I enjoyed this article quite a bit. The author liked the habits of thinkers of old and tries to do the same thing, but rather than a daily routine (in the morning), he does it once per week. He takes 2 hours to do nothing but think.
I like that idea. A lot.
In the evening, I remove all possible distractions, especially electronics like my phone and my laptop, and I basically lock myself in a room to question my work and my lifestyle with a pen and a notebook.
2 hours is a long time, and some of it will feel unproductive and not all of it will be structured, but I have a few general things that I almost always start off with to set me in motion.
After reading this excerpt from Kevin Rose’s newsletter, I’ve been looking for ways to adopt this practice myself:
Lately, I’ve tried to introduce a little boredom into my life by revamping my morning routine. Instead of turning off the alarm on my phone (which pulls me right into notifications and Instagram), I’ve now switched to an analog bedside alarm.
After turning off the alarm, I purposely avoid all electronics (TV, laptop, phone, etc.) for the first hour of the day. I shower, then take the dog to the local coffee shop, leaving my phone at home. Once I have my coffee (or tea, depending on the day) I just sit, letting myself daydream and wake up slowly for about 30 minutes.
After reading it, I thought it sounded great. But how could I achieve something like this in my own life? With kids, the town we live in, and our location (far from all coffee shops), this routine would not exactly work. But are there other ways to achieve the same net effect?
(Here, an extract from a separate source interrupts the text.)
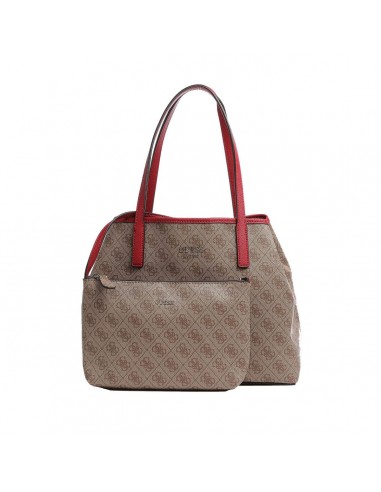 Sac-à-main Femme Guess Marron du meilleur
I spent one morning just giving myself this time to think on things. I spend a lot of mornings reading my Bible, praying, then moving on to studying, writing, or just getting ready for work. Oh, and reading online. So I took one morning and just sat and thought about stuff. It would end in reading my Bible, but I gave myself the entire 90 minutes to just slowly get ready for the day.
But I was still open to other ideas on how to have a time like this. As regularly as possible. It would be hard, obviously, as I do not have a great deal of margin when it comes to my time in this stage of my life.
However, taking a 2 hour block of time each week sounds a lot more doable.